[Aim of the task]:
What's needed: every entry, printed exactly, minus the images.

Caption-style text data:
....

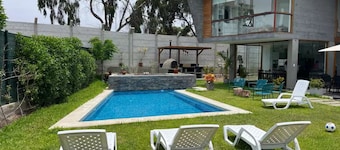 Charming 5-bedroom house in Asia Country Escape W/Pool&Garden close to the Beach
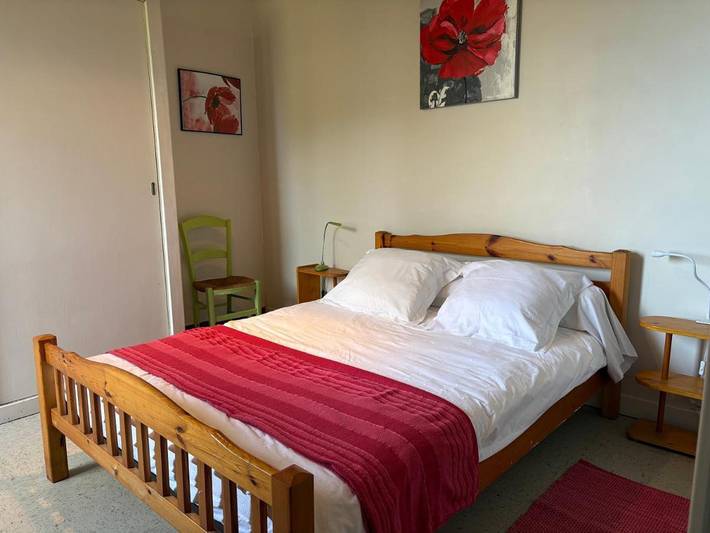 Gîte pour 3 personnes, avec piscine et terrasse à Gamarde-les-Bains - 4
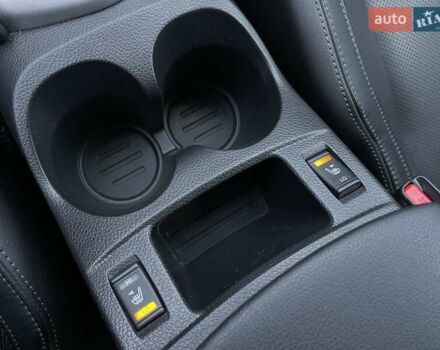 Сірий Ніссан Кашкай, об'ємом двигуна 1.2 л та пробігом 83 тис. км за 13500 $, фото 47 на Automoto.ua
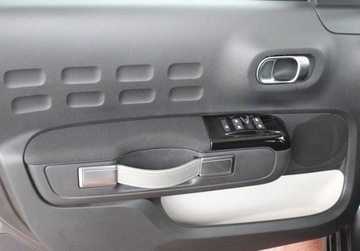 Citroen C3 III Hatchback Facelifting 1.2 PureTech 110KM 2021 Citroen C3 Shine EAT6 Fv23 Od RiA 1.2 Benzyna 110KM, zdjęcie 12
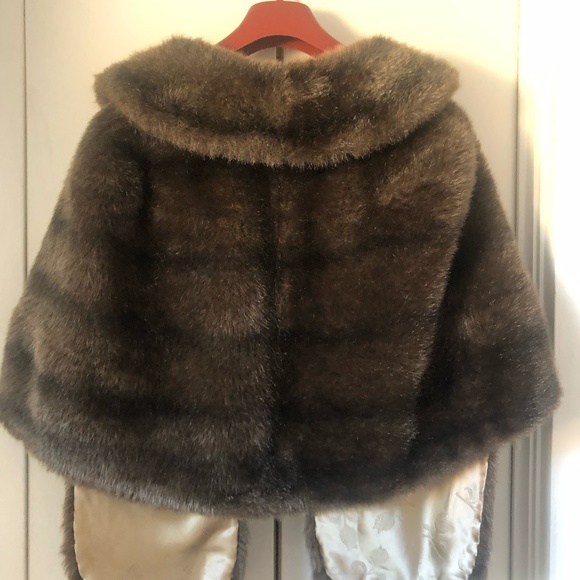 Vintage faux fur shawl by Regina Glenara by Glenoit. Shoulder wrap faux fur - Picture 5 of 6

....

[Result of this exercise]:
 Charming 5-bedroom house in Asia Country Escape W/Pool&Garden close to the Beach
 Gîte pour 3 personnes, avec piscine et terrasse à Gamarde-les-Bains - 4
 Сірий Ніссан Кашкай, об'ємом двигуна 1.2 л та пробігом 83 тис. км за 13500 $, фото 47 на Automoto.ua
 Citroen C3 III Hatchback Facelifting 1.2 PureTech 110KM 2021 Citroen C3 Shine EAT6 Fv23 Od RiA 1.2 Benzyna 110KM, zdjęcie 12
 Vintage faux fur shawl by Regina Glenara by Glenoit. Shoulder wrap faux fur - Picture 5 of 6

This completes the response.